Günün içinden geçip viski içiyoruz işte ve sabahlar benim için “yeniden doğuş” değil, daha çok “az daha dayan” demek. Geceleri yatmak gibi bir planım yoksa, sabahları da mucize beklemem. Günün içinden geçiyoruz işte—yani sadece saatleri tüketmiyormuyuz hepimiz!!!, hafiften dayak da yiyoruz.

Günün içinden geçip viski içiyoruz.

Anlam aramak? Kim arayacak, o kadar vaktimiz var mı? Hayat bizden bir şey beklemiyor, biz de ondan fazla bir şey ummuyoruz. Biraz blues, biraz viski, bir parmak da pişmanlık… Kör tadım menüsü gibi bir yaşam tarzı işte bu.
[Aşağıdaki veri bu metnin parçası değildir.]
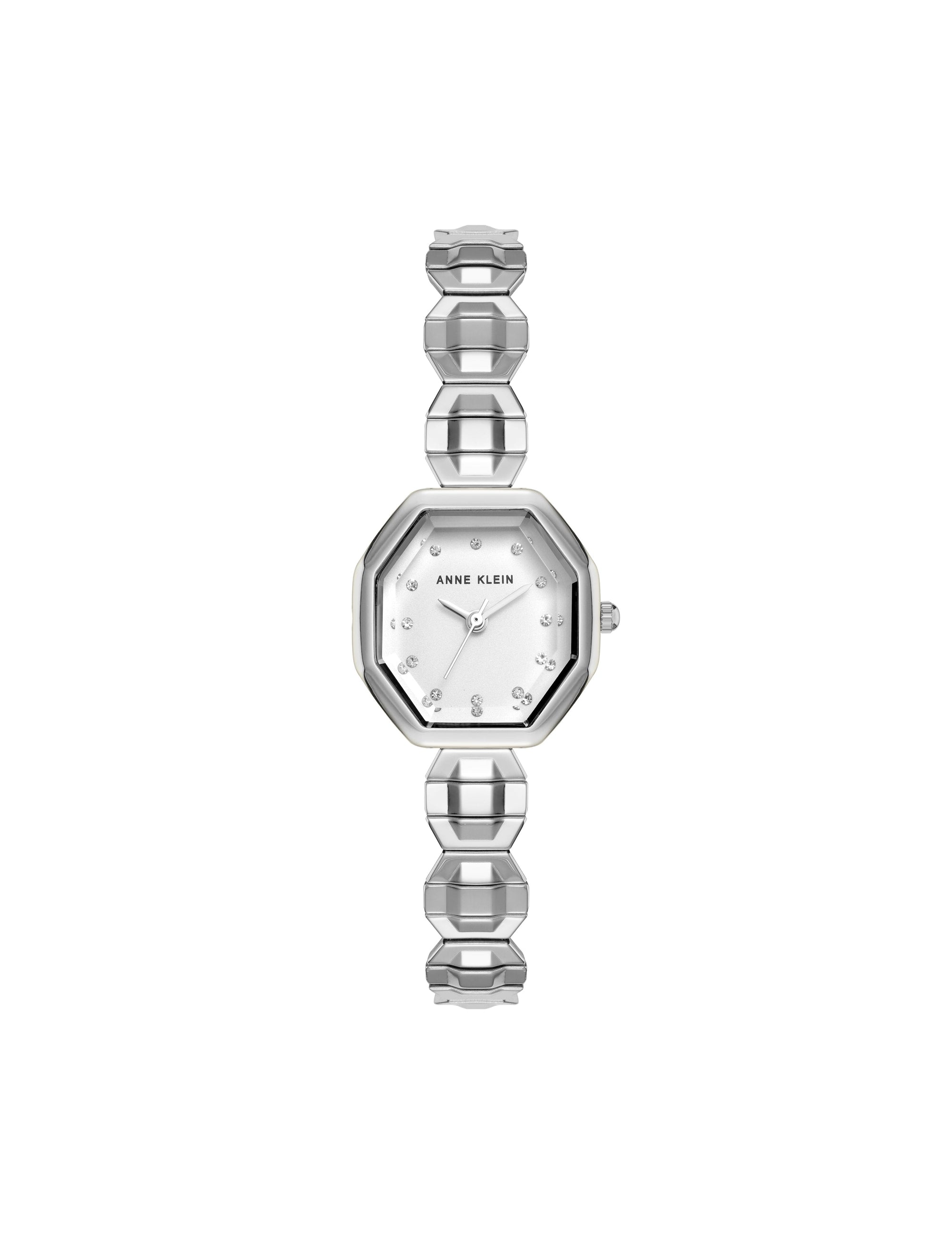Crystal Accented Expansion Band Watch Apparel & Accessories Egluck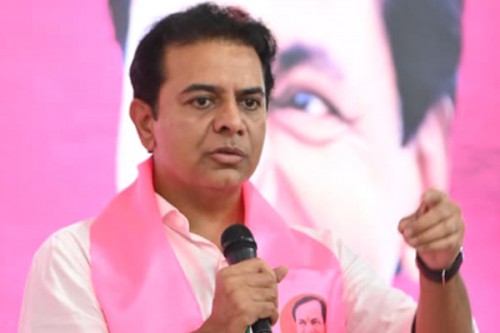 Telangana govt selling industrial land worth Rs 5 lakh crore: KTR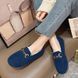 М'які жіночі мокасини з металевим декором Blue, 36, 22,5 см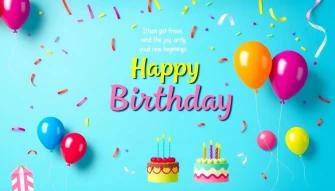 Happy BirtHDay Quote Wallpaper
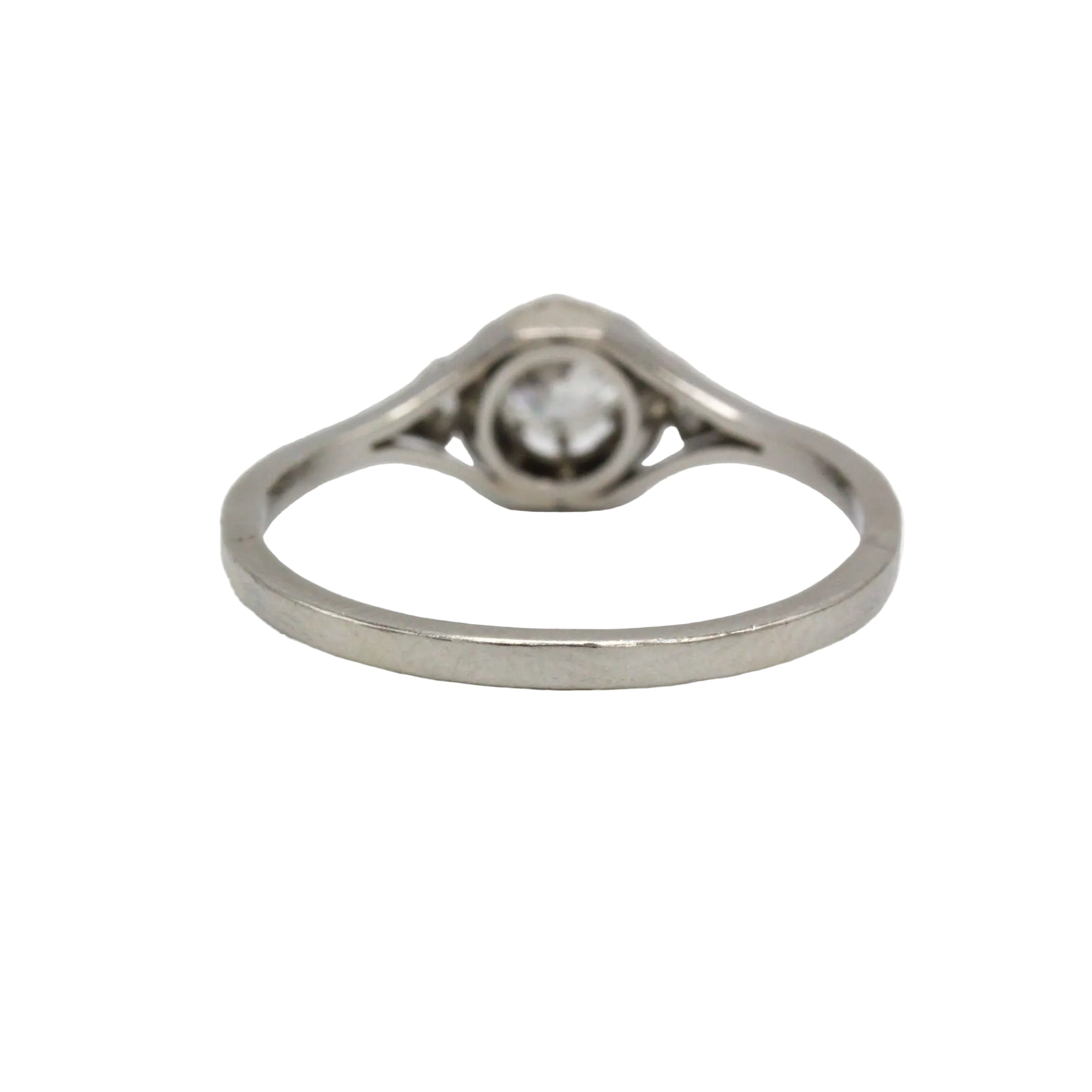 Bague Solitaire en platine et diamants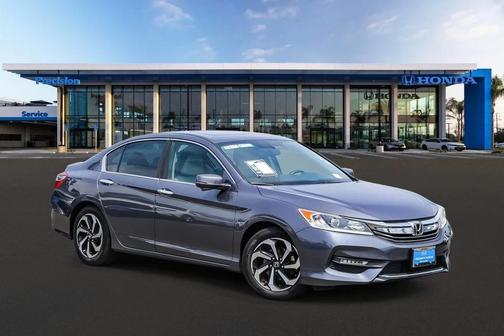 Gray 2017 Honda Accord EX-L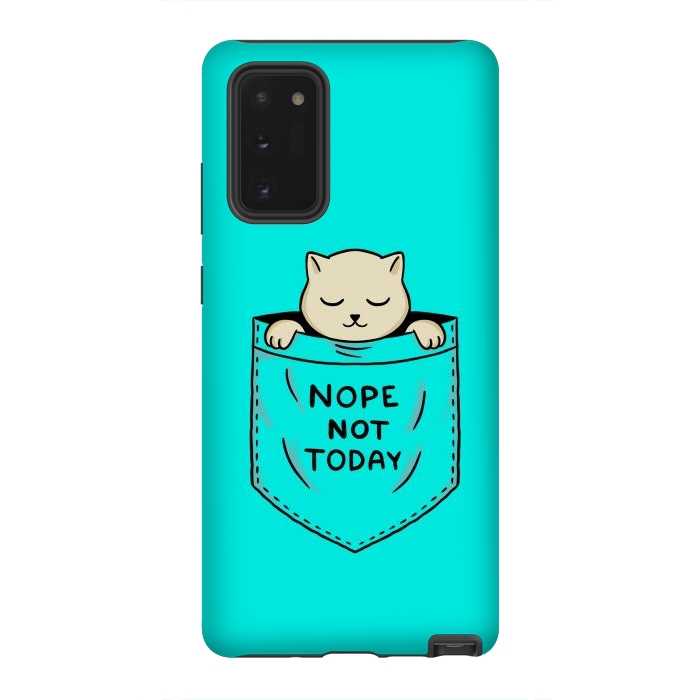 Galaxy Note 20 StrongFit Cat Pocket por Coffee Man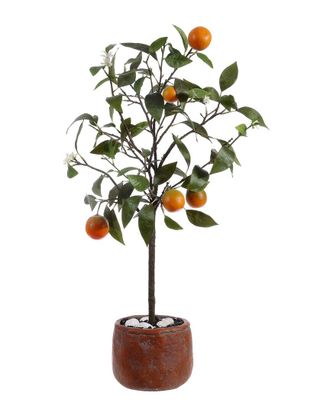 Safavieh Faux Orange Potted Tree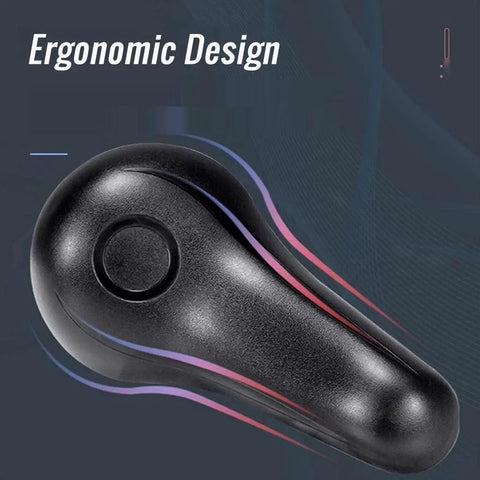 Ergonomic black design of Replacement Kids Balance Bike Seat With 22.2mm Seatpost 19cm Length for comfy rides.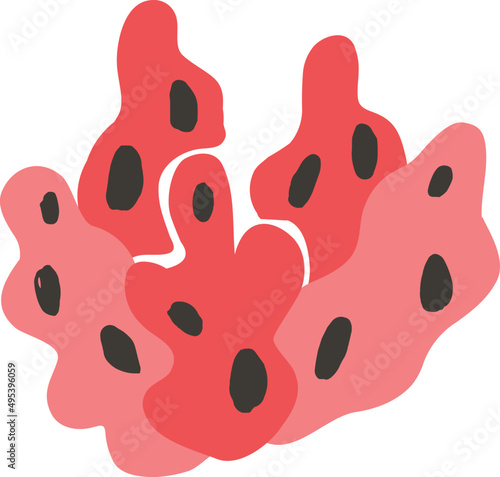 Coral or Seaweed Cartoon Illustration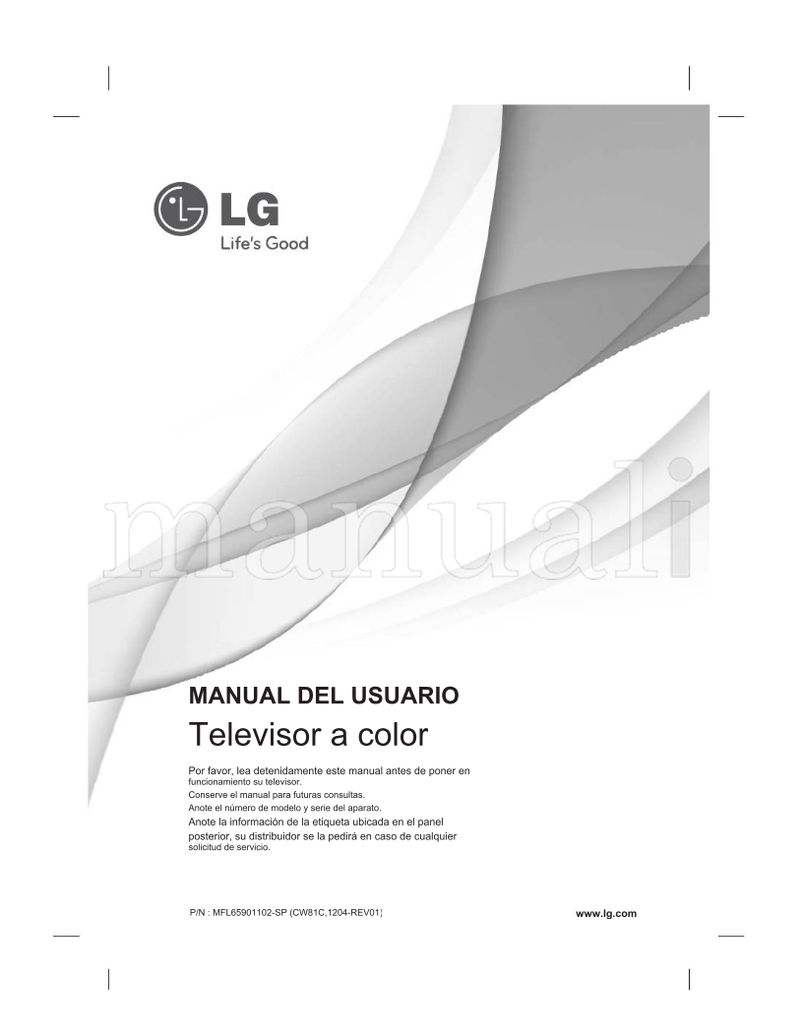 LG 21FJ8RD (24 pages) TV Operating Manual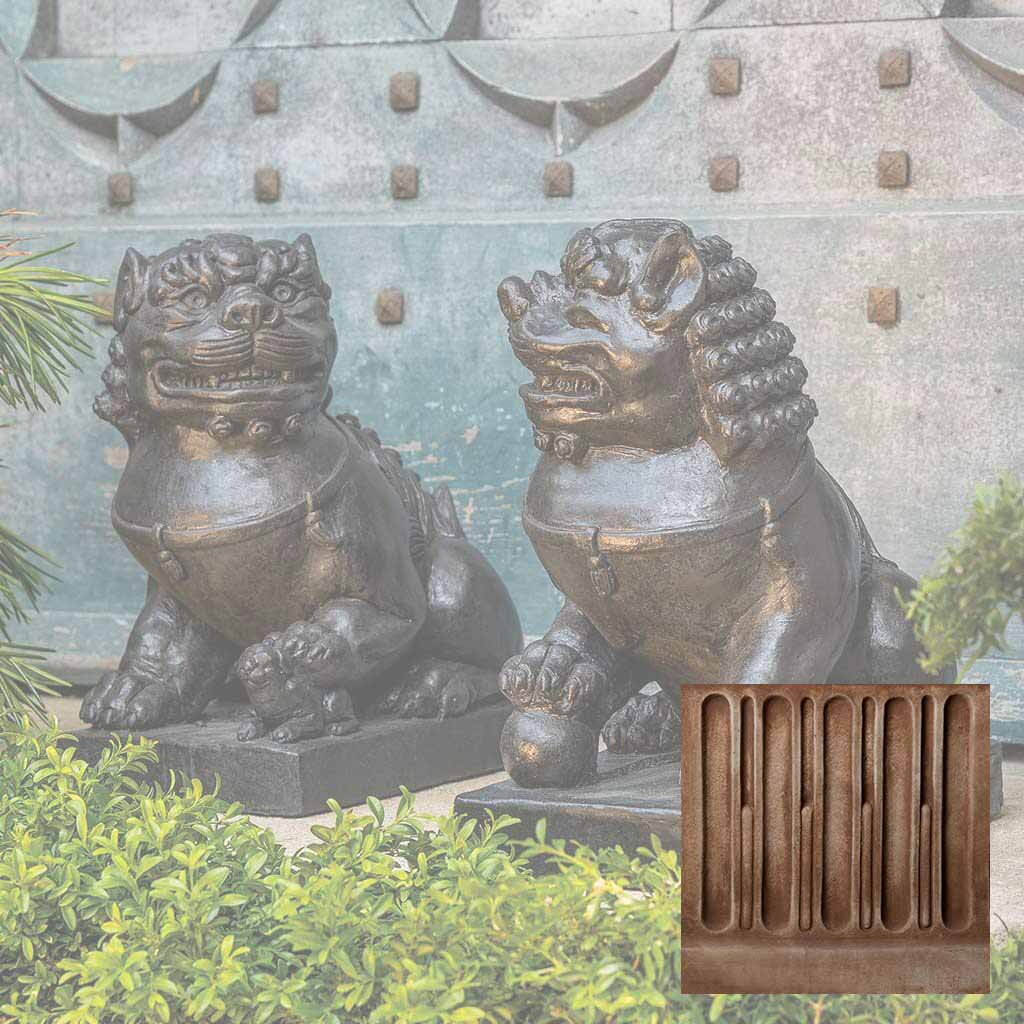 Campania Traditional Foo Dog Set Garden Statue - OR-175 SET - Image 4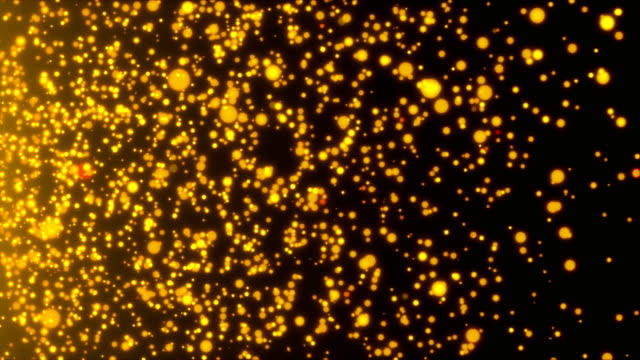 Muchos-Resumen-oro-las-partículas-pequeñas-en-espacio,-computadora-genera-antecedentes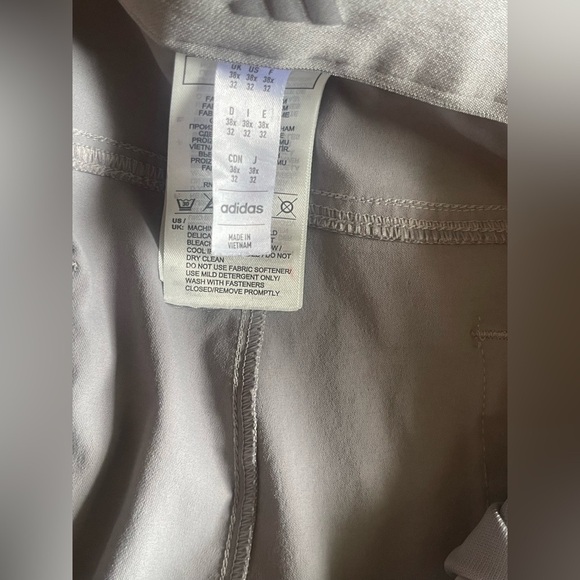 ADIDAS Men's Gray Golf Pants size 38x32 - Picture 9 of 9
Anlam gelirse iyi, gelmezse zaten playlist bizden yana.


Neden Blues Dinliyorum?

Çünkü pop müzik bize “her şey iyi olacak” derken, blues usulca kulağımıza fısıldar: “her şey zaten berbattı ve sen yaşıyorsun, bu yeter.” Birisi yalan söylüyor, birisi gerçeği müzikle paketliyor. Ben ikinciyi seçiyorum. Günün içinden geçip viski içiyorum çünkü başka türlü olmuyor.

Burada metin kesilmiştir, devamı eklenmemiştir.